During the years of the military regime of 1976–1983, Rabbi Meyer became a strong critic of the military government and its violations of human rights. He worked to save the lives of hundreds of people who were being persecuted by the regime. He visited political prisoners in jails. He worked with the Israeli government to free the renowned journalist, Jacobo Timerman, who had been persecuted, imprisoned and subjected to extended house arrest. Timerman dedicated his memoir of that time, Prisoner Without A Name, Cell Without A Number (1981), to the rabbi. Timerman wrote that Meyer had "brought solace to Jewish, Christian and atheist prisoners". Meyer additionally founded the Movimiento Judío por los Derechos Humanos, an organization that played a key role in the fight for human rights in Argentina.

In 1983, when democracy was restored in Argentina, the newly elected president, Raúl Alfonsín, recognized the work of Rabbi Meyer by awarding him the highest Argentine decoration, Order of the Liberator General San Martín. Rabbi Meyer returned the United States in 1984.

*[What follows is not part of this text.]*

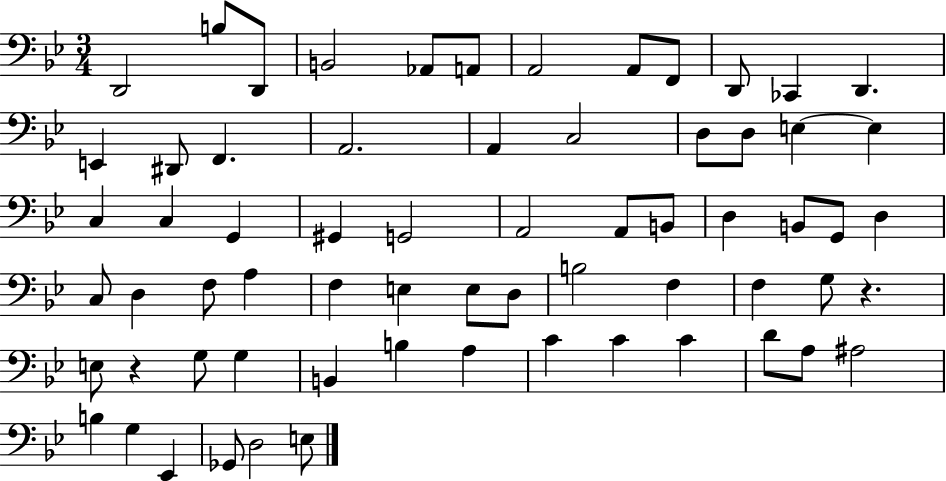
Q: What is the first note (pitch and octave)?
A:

In 2019, the City of Buenos Aires honored Meyer for his work visiting prisoners during the military regime by placing a graffiti wall in his memory, in the capital's main square.

==Later period==
After a short stay at the University of Judaism (now the American Jewish University) in Los Angeles, in 1984 Rabbi Meyer accepted the position of rabbi at Congregation Bnai Jeshurun in New York City. It is the oldest Ashkenazic synagogue in the city, and he had the mission of reviving the congregation.

Between 1984 and 1993, B'nai Jeshurun became a thriving liberal community that attracted thousands of Jewish people. The challenging theology espoused by Rabbi Meyer, the spiritually uplifting religious services, an agenda that emphasized social action as a central part of the synagogue's principles, ecumenical work with Christian and Muslim clergy, and a leading role in the peace movement in regard to the Arab–Israeli conflict, led to the rapid growth of the congregation. It became a model for many other synagogues in the United States.

== Personal life ==
Meyer married Naomi Meyer, and they had three children: Anita, Dodi and Gabriel.

He died of cancer in 1993 and was buried in the cemetery of the synagogue of his home town in Norwich, Connecticut.